Eigentlich könnte Gi-Hun Seong sich ein schönes Leben machen. In Staffel eins der Netflix-Serie „Squid Game“ ist er als Gewinner und einziger Überlebender aus den gleichnamigen Spielen hervorgegangen. Und ist deshalb ein reicher Mann. Aber Gi-Hun, gespielt von Lee Jung-jae, hat anderes im Sinn. Er will die Strukturen verändern, die Spielmacher aufspüren und das Squid Game stoppen.
Die politische Relevanz hinter dem „Squid Game“
Kurzer Recap: Staffel eins von „Squid Game“ zeigte uns, wie die ärmsten Menschen der Gesellschaft für tödliche Kinderspiele rekrutiert wurden. Den Gewinner erwartete ein hohes Preisgeld, sozialer Aufstieg, Ruhm. Hunderte nahmen teil, aber am Ende überlebte nur einer. Der Tenor der Kritiken nach Staffel eins: Diese Spiele sind eine Metapher für den Turbokapitalismus. Großer Reichtum für wenige, der auf Ausbeutung der armen Mehrheit fußt – die dafür mit dem Leben bezahlt.
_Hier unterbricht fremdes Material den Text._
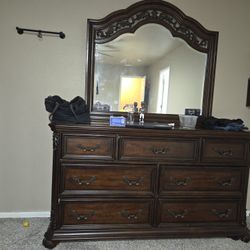 Bedroom Set 4pcs Plus Mirror 2 Night Stand Included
Durchwachsene Reaktionen auf Staffel zwei
Die Reaktionen auf Staffel zwei fallen trotz des großen Streaming-Erfolgs dagegen eher durchwachsen aus. „Das Prinzip der Serie schockt nicht mehr“, heißt es beispielsweise bei Zeit Online, Berichte über unzufriedene Fans haben sich in den letzten Wochen gehäuft, auch weil die Serie mit einem Cliffhanger endet. Ein Grund für die gemischten Reaktionen könnte darin liegen, dass die zweite Staffel der Netflix-Serie etwas ganz anderes erzählt als die erste.
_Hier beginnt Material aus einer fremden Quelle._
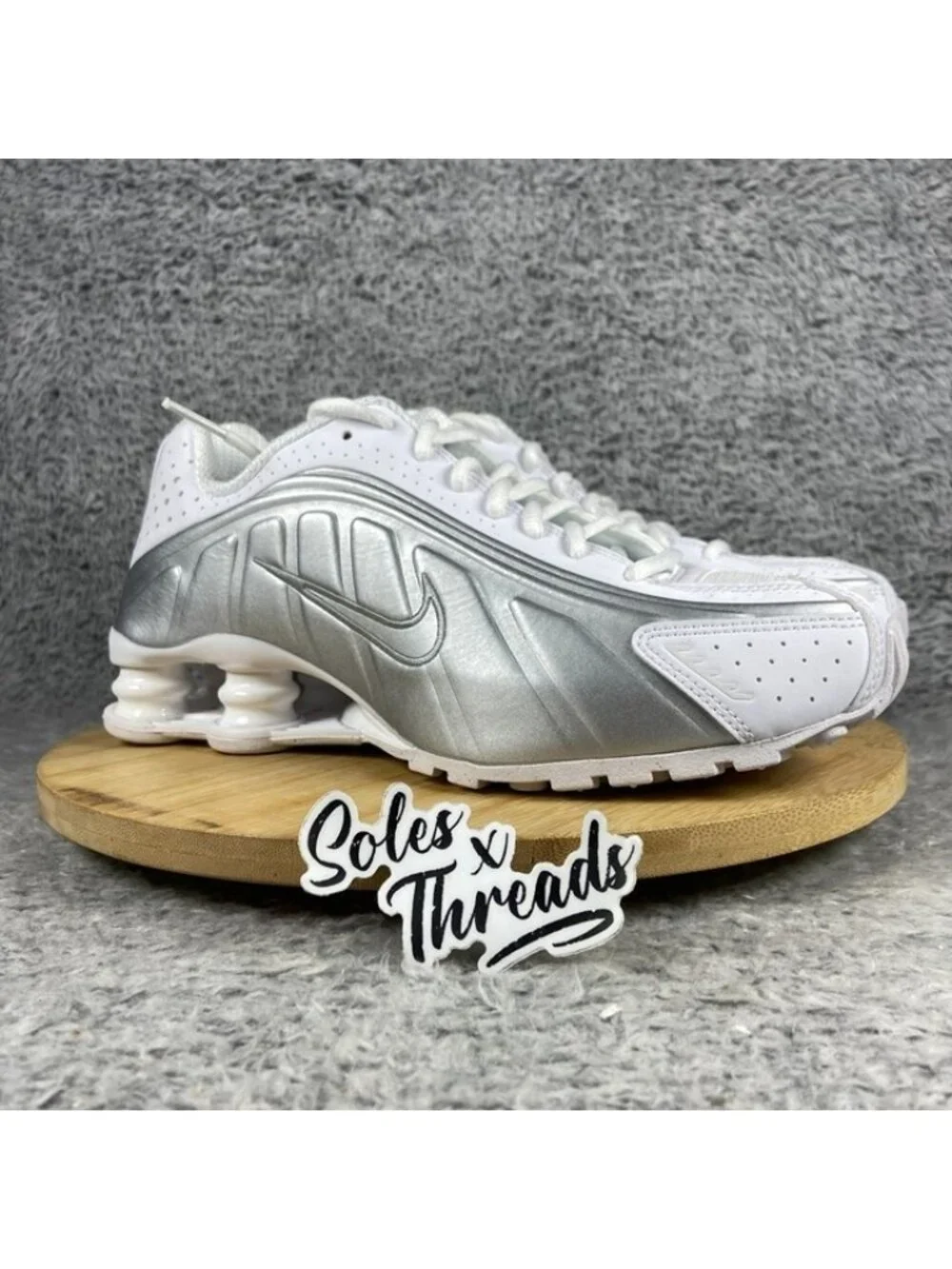 Nike Shox R4 White Metallic Silver Size 7 Women Sneakers AR3565-101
„Squid Game“ zeigt, warum gute Menschen scheitern
Die neuen „Squid Game“-Folgen konzentrieren sich darauf, wie Gi-Hun Seong, der gute Mensch, immer wieder daran scheitert, die todbringenden Strukturen zu zerschlagen. Zunächst kann er die Existenz des Squid Games nicht beweisen. Also muss er noch einmal an den Spielen teilnehmen – in der Hoffnung dort Verbündete zu finden und das Spiel dort zu stoppen. Aber auch das ist schwerer als gedacht. Selbst als die ersten Körper leblos zu Boden fallen, wollen die anderen Spieler nicht mitträumen von einer besseren Welt.
Serienmacher erschöpft von „Squid Game“-Produktion
Zu groß sind die wirtschaftlichen Zwänge. Die Motive der anderen Kandidaten: nicht gezahlte Schulden, hohe Rechnungen, Fehlinvestitionen, kranke Familienangehörige, die teure Medizin brauchen. Und dann diese verlockende, letzte kleine Chance, die das System noch bietet. Wer gewinnt, geht als reicher Mann oder reiche Frau nach Hause.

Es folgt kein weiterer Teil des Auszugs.